In a couple of ways, Robert Peace inspired my word for the year, ask.  Though on the outside, he and I seem like we couldn't be more different, two aspects of Robert Peace's story strike home for me.

One is that his elite education had drawbacks for him.  As much as Yale opened doors for Peace, it also built a rigid model of expectations that structured Robert Peace's exterior and interior experience.  Expectations about who he should be and what kind of work he should do constrained the potential vast range of his life.  The world of ideas that he lived in for four years in New Haven was a stark contrast to Newark, irrelevant, even sometimes dangerous, in the context of his real life.  And what was worse, though the cultural gap between Yale and Newark was real, there was shame and confusion for him in not being able to bridge it effectively.  
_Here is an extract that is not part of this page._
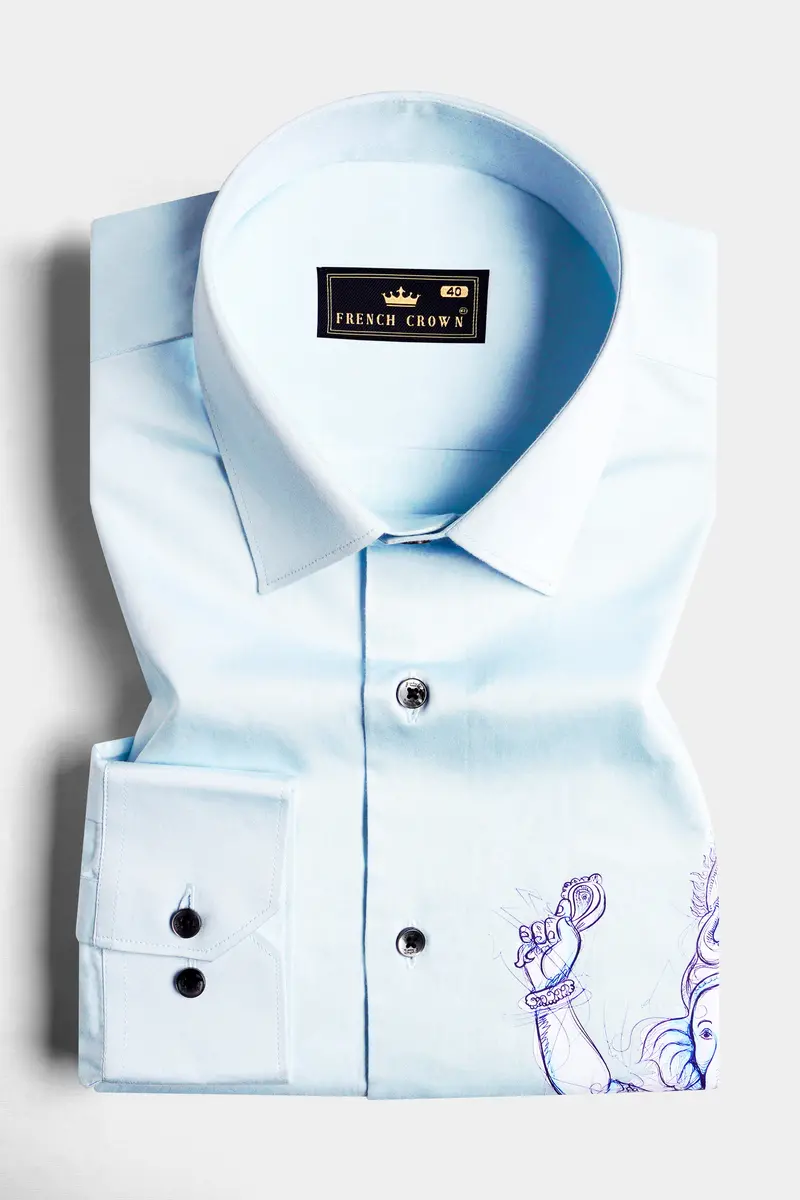 Blizzard Blue Lord Ganesha Printed Subtle Sheen Super Soft Premium Cotton Designer Shirt 6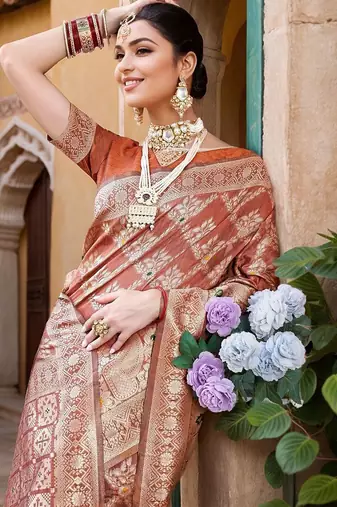 rust floral woven banarasi silk blend saree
Palo Alto is no Newark, that is for sure.  But, with regard to some of the mundane challenges of my own life--say caring for a colicky baby or encountering grief, my own education has sometimes felt extravagant and useless, like a Tesla abandoned in a redwood forest--no charger for miles.  And this experience has often been accompanied by a wild shame--that I should have been more prepared, or I should have seen that I was unprepared, or I somehow should have known something that I didn't.  I often look back in wonder and sadness that I spent most of my education mastering new information, very little time experimenting, taking risks, or visiting the emotional terrain of not knowing.

The second way that Peace's story strikes home, and this is one, oddly, I think a lot of moms might relate to, is that Robert Peace was a giver.  He tutored other families' children, he gave money to family and friends, he supported his mother, organized the legal defense of his incarcerated father, and in a lot of ways, spread himself thin on behalf of his community.  By doing all of this, he created a social world that perceived him as competent, resourceful, and empowered.  The reality was, his energy drained from his life.  He failed to be honest with himself and with others about how low his own reserves were, and eventually this had a fatal cost.

In these few ways, Robert Peace inspired me to take up the word "ask" this year.  He showed me that giving can sometimes be a cover up for where we feel small and scared, where we need to reveal to the world that we are under resourced, need help, or simply don't know what to do next.  And he reminded me that I am still learning about learning, that I still struggle with taking risks and not knowing.

I am deeply grateful to the writer, Jeff Hobbs, for creating this work of non-fiction. This was a personal story for him:  Hobbs was Robert Peace's white Yale roommate.  He narrates a complicated story of race, class, education and poverty with clear sight and a big heart. I highly recommend it.